Press "Enter" to skip to content

Using Kafka To Go From Batch To Stream

Stephane Maarek has started a series on transforming a batch process into a streaming process using Apache Kafka.  Part one introduces the topic and two of the four microservices:

Before jumping straight in, it’s very important to map out the current process and see how we can improve each component. Below are my personal assumptions:

  • When a user writes a review, it gets POSTed to a Web Service (REST Endpoint), which will store that review into some kind of database table.

  • Every 24 hours, a batch job (could be Spark) would take all the new reviews and apply a spam filter to filter fraudulent reviews from legitimate ones.

  • New valid reviews are published to another database table (which contains all the historic valid reviews).

  • Another batch job or a SQL query computes new stats for courses. Stats include all-time average rating, all-time count of reviews, 90 days average rating, and 90 days count of reviews.

  • The website displays these metrics through a REST API when the user navigates a website.

Part two finishes up the story:

In the previous section, we learned about the early concepts of Kafka Streams, to take a stream and split it in two based on a spam evaluation function.
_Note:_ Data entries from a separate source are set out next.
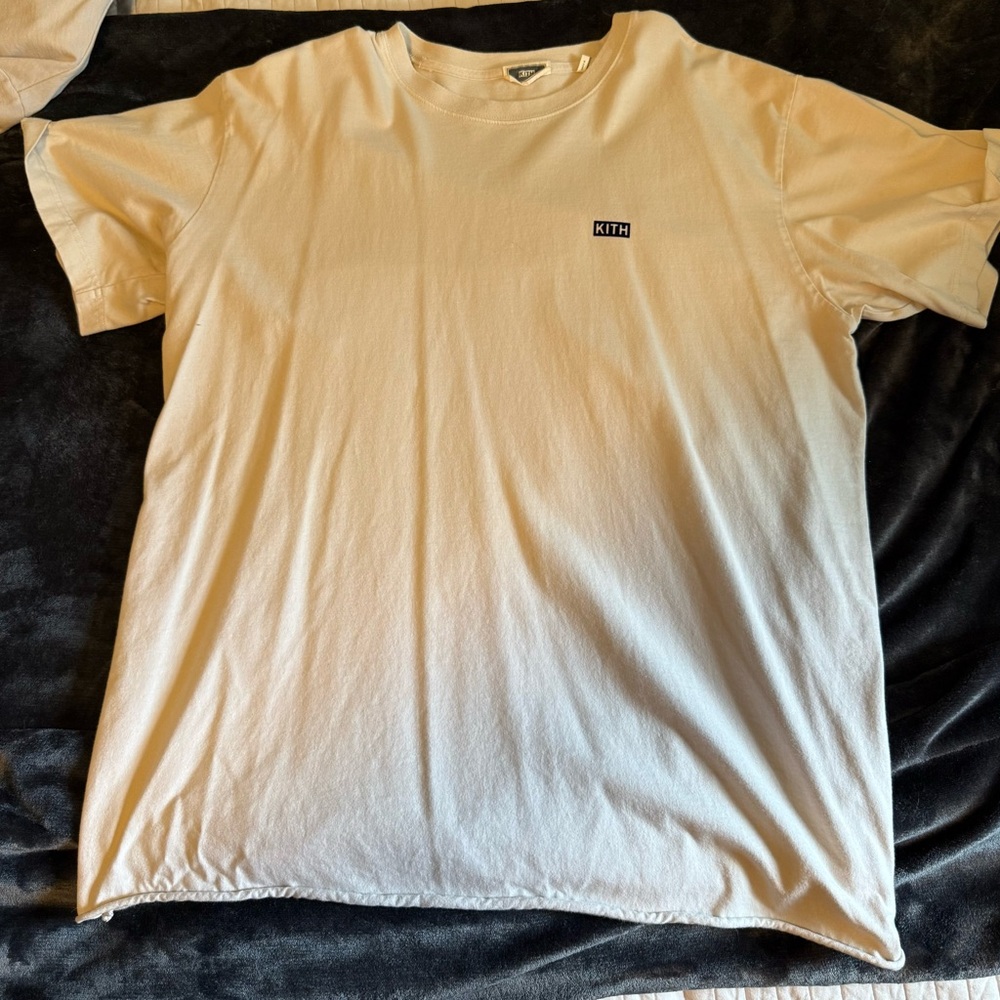 Kith Men's Off-White Short Sleeve Tee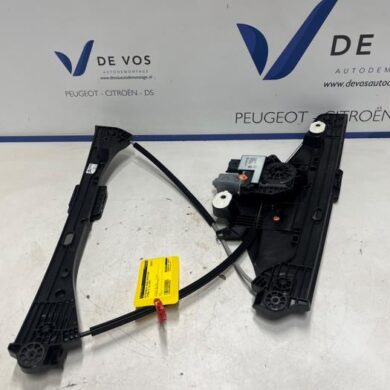 Citroen C4 1.2 Hybrid 145 Window mechanism 4-door, front right 2025 9832821580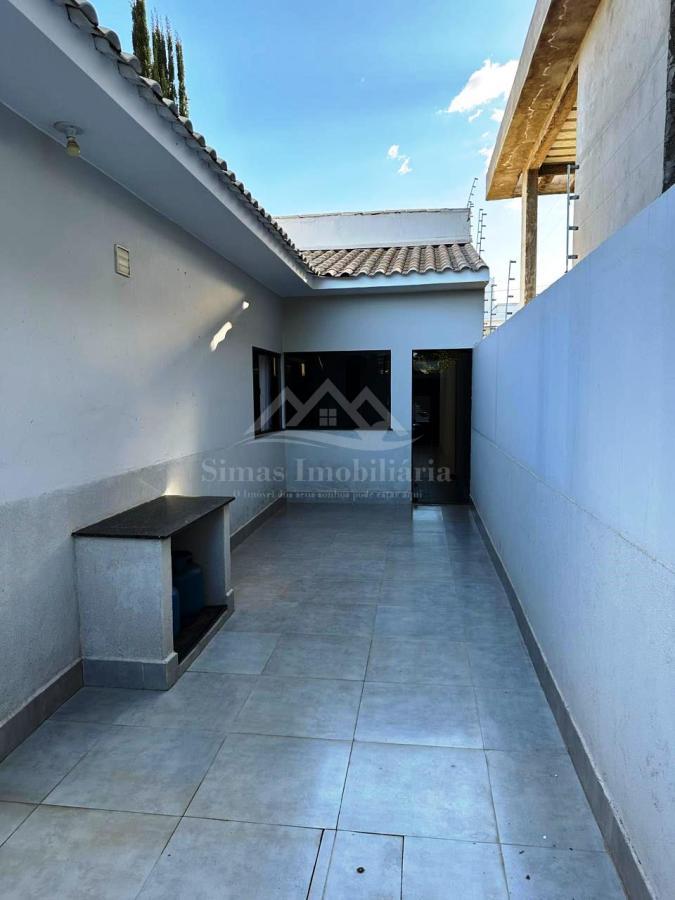 Casa à venda com 3 quartos, 230m² - Foto 16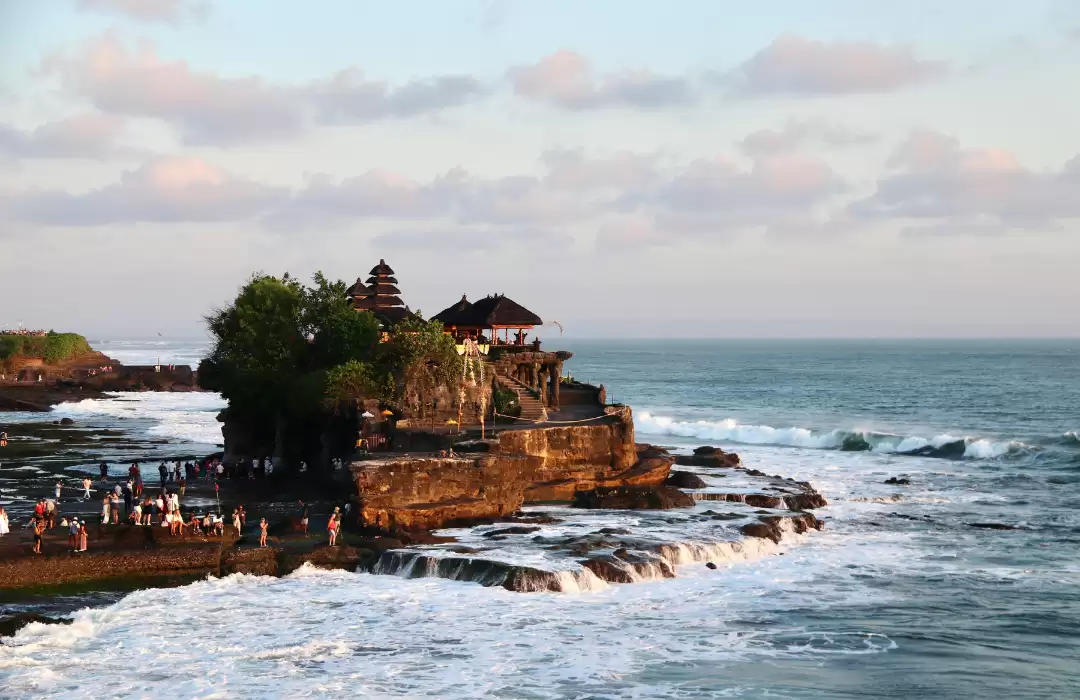 Visit the Unique Tanah Lot Temple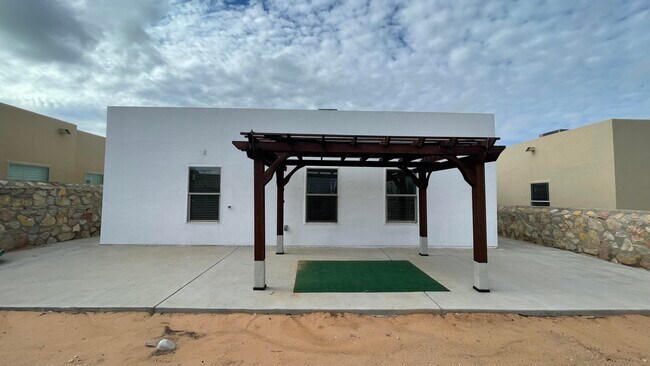 Building Photo - 14809 Willie Worsley Ave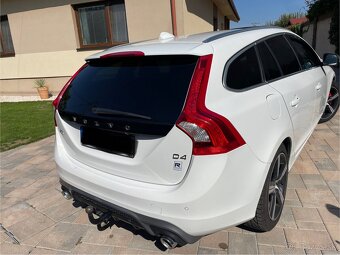 Volvo v60 D4 R Design 140kw - 11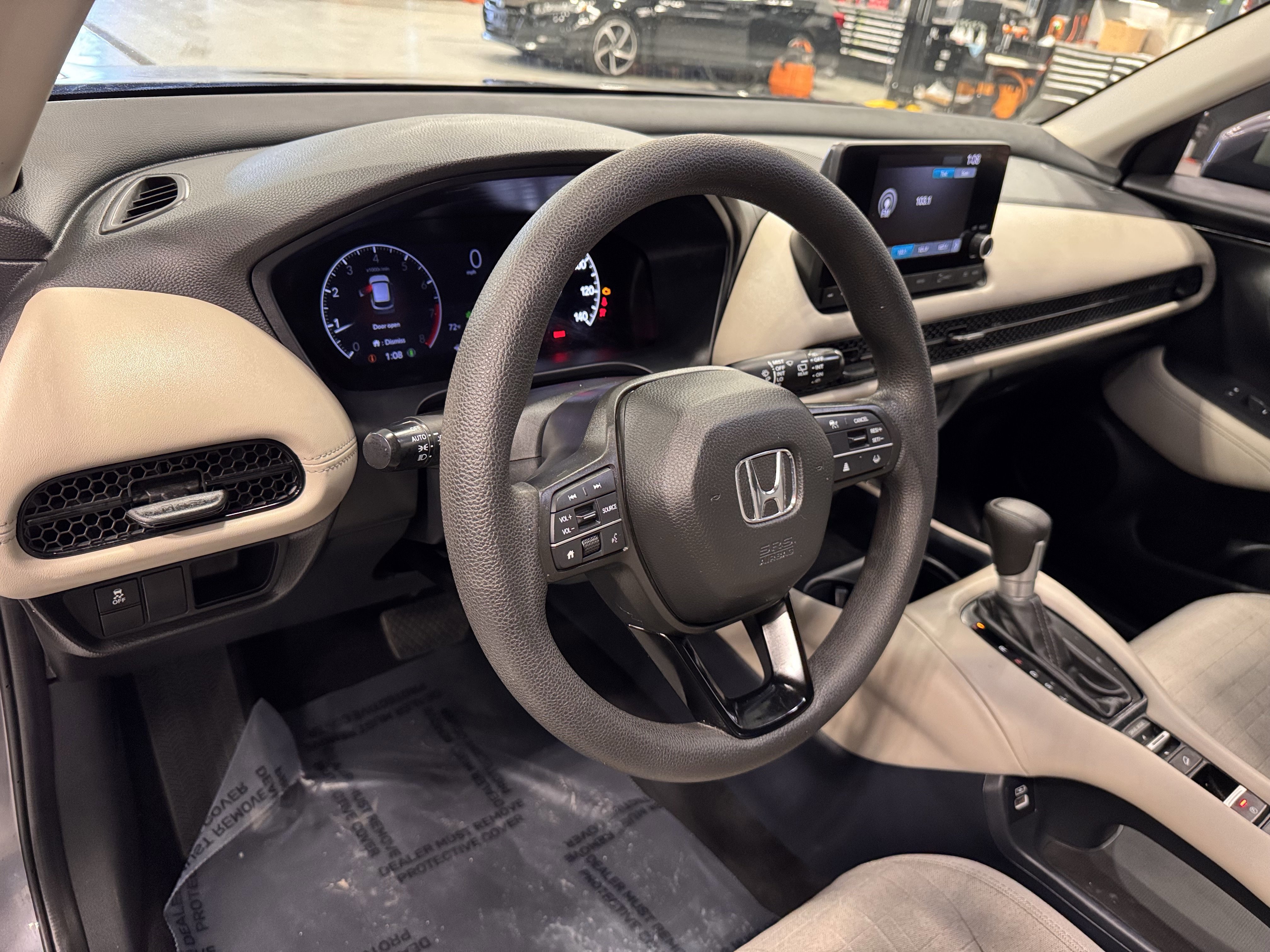 Used 2023 Honda HR-V LX image 15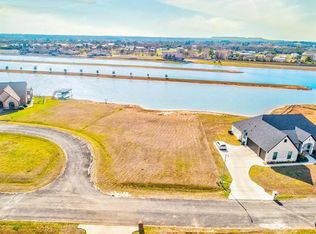 4010 Upper Lake Cir, Granbury, TX 76049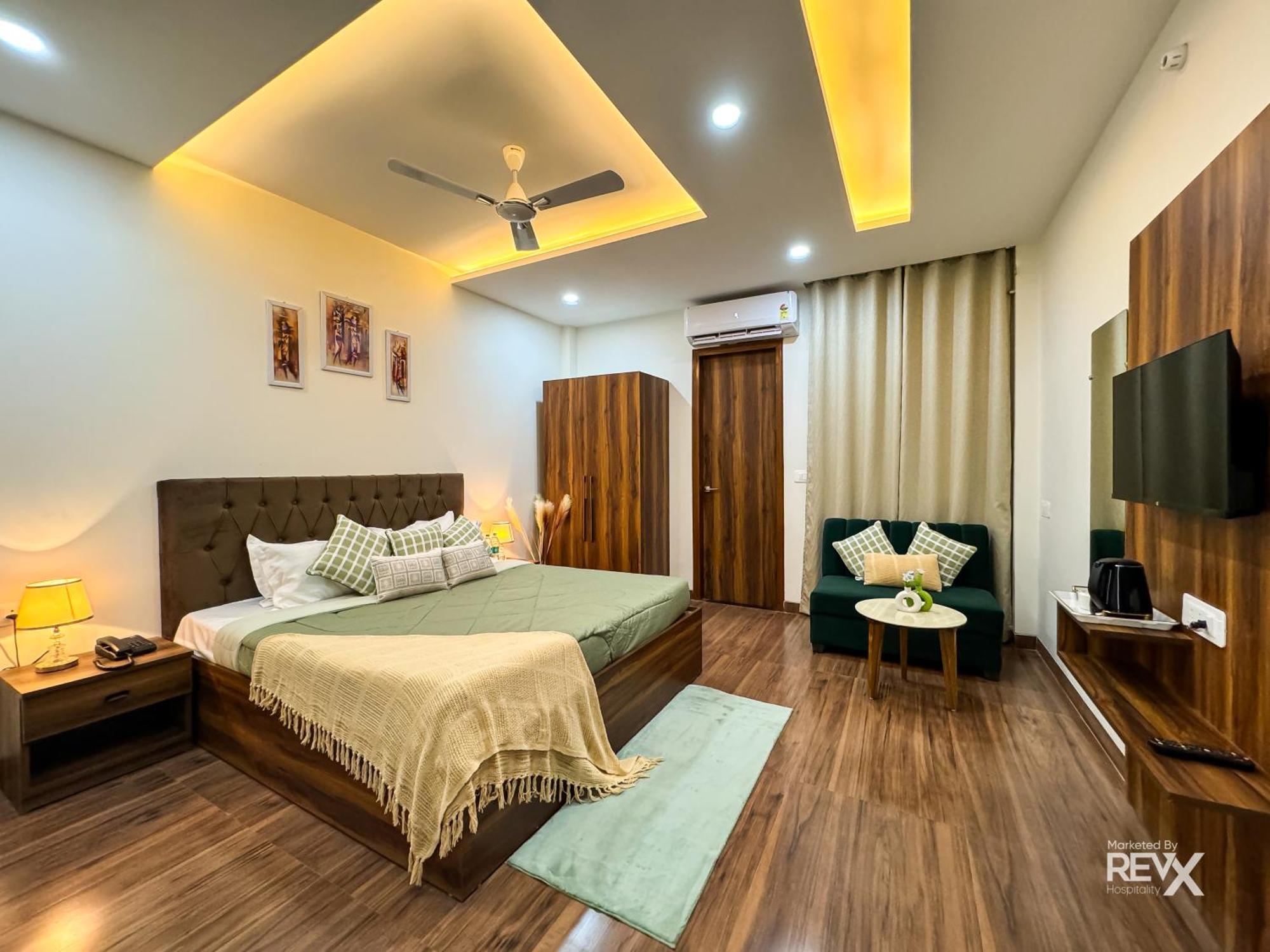 Guru Sadan A Luxe Stay Ayodhya ภายนอก รูปภาพ
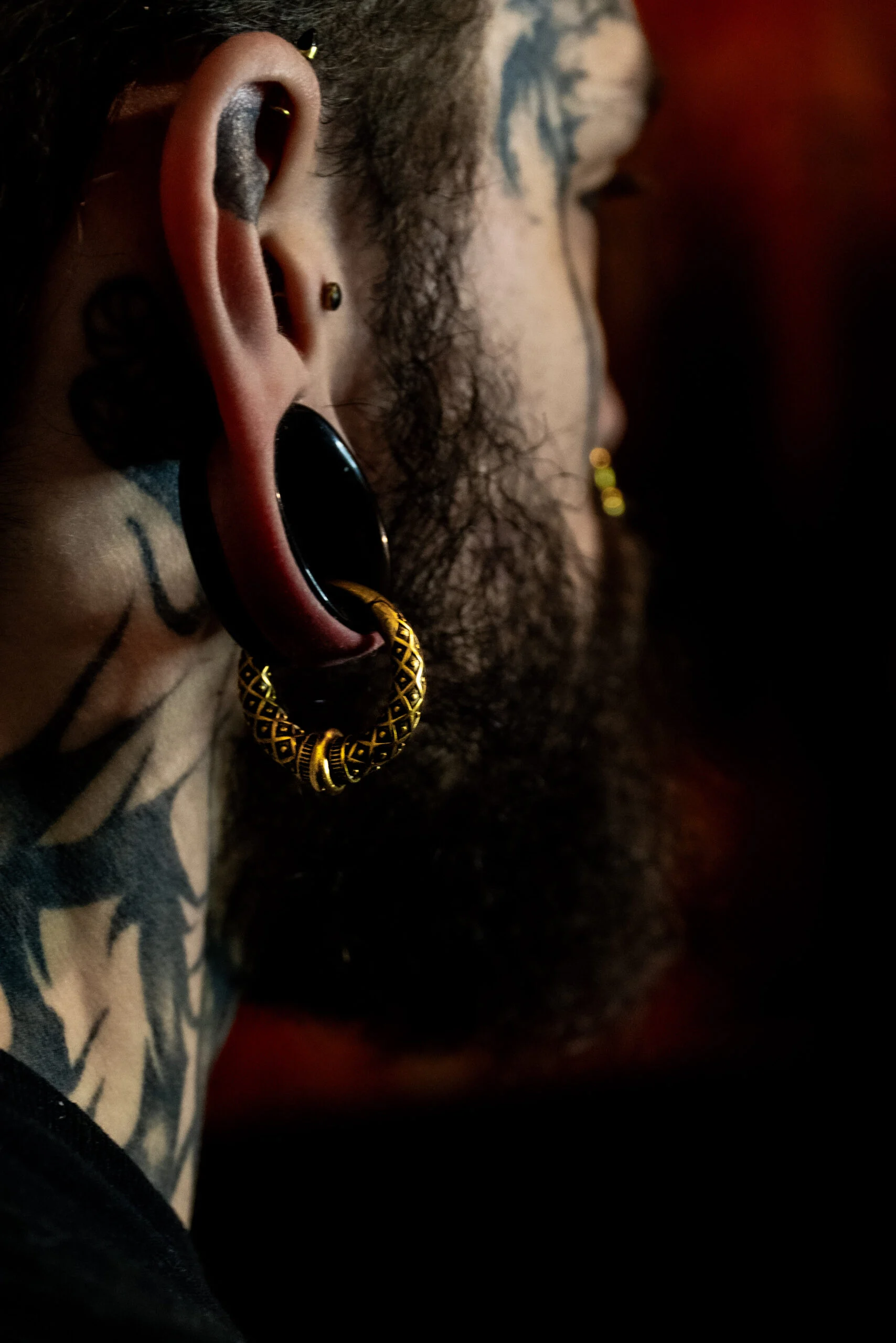 Gros plan sur un bijou d’oreille porté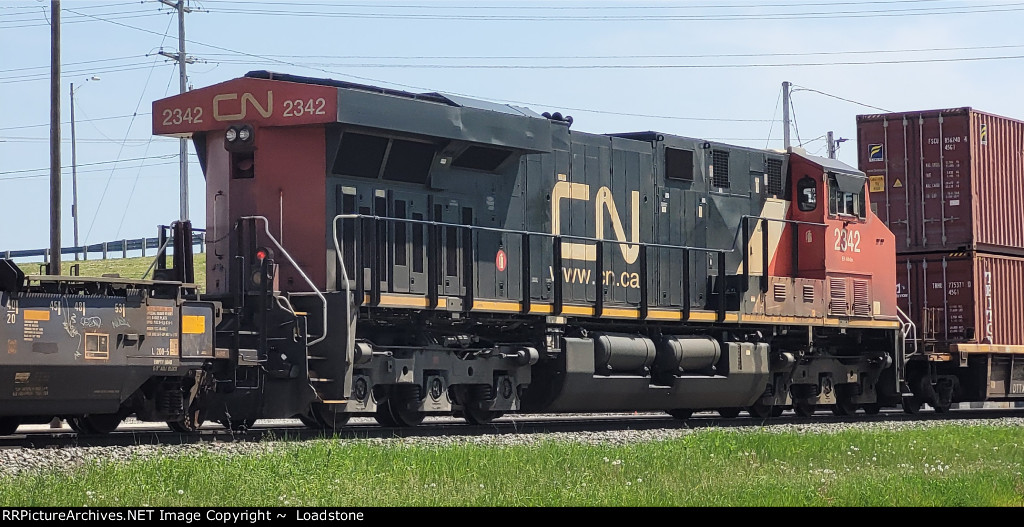 CN 2342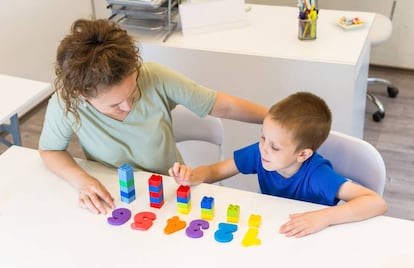 Los niños que ven cómo sus padres utilizan las matemáticas en la vida diaria practican con más frecuencia actividades relacionadas con ellas.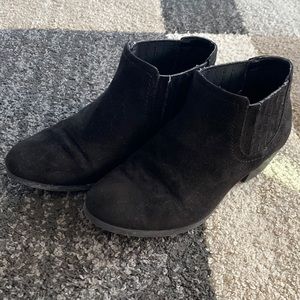 Women’s American Eagle booties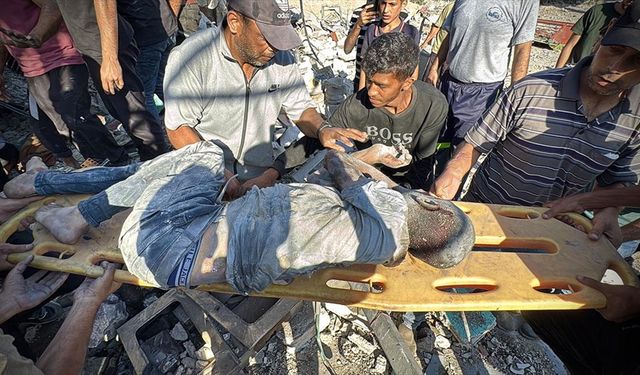 İsrail'in Gazze'de düzenlediği saldırılarda 32 Filistinli hayatını kaybetti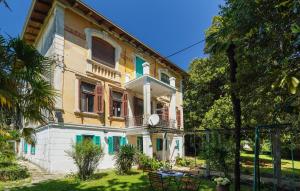 2 Bedroom Stunning Apartment In Lovran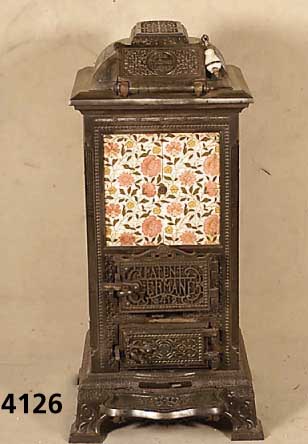 Jugendstil-Ofen, deutsch, Gusseisen mit Barockstil Einfluss, bunte und helle Steingut -Kachelung mit rosa u. gelben BlÜten, ...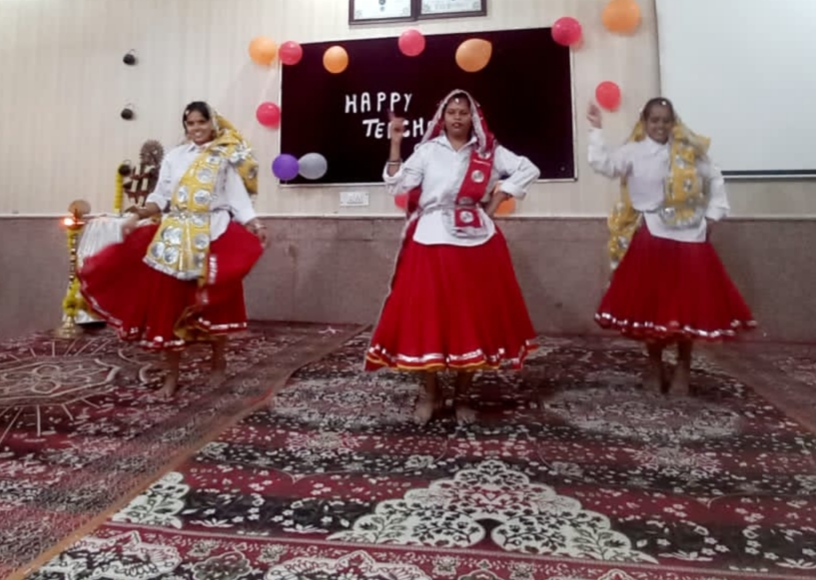 वैश्य आर्य शिक्षण महिला महाविद्यालय बहादुरगढ़ में हरियाणवी सांस्कृतिक कार्यक्रम प्रस्तुत करती भावी अध्यापिकाएं। वैश्य आर्य शिक्षण महिला महाविद्यालय बहादुरगढ़ में हरियाणवी सांस्कृतिक कार्यक्रम प्रस्तुत करती भावी अध्यापिकाएं।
Now, we need to perform some stateful computations such as aggregations, windowing in order to compute statistics on our stream of reviews.

Thankfully we can use some pre-defined operators in the High-Level DSL that will transform a KStream into a KTable. A KTable is basically a table that gets new events every time a new element arrives in the upstream KStream. The KTable then has some level of logic to update itself. Any KTable updates can then be forwarded downstream. For a quick overview of KStream and KTable, I recommend the quickstart on the Kafka website.

This is a nice introduction to Kafka Streams using a realistic example.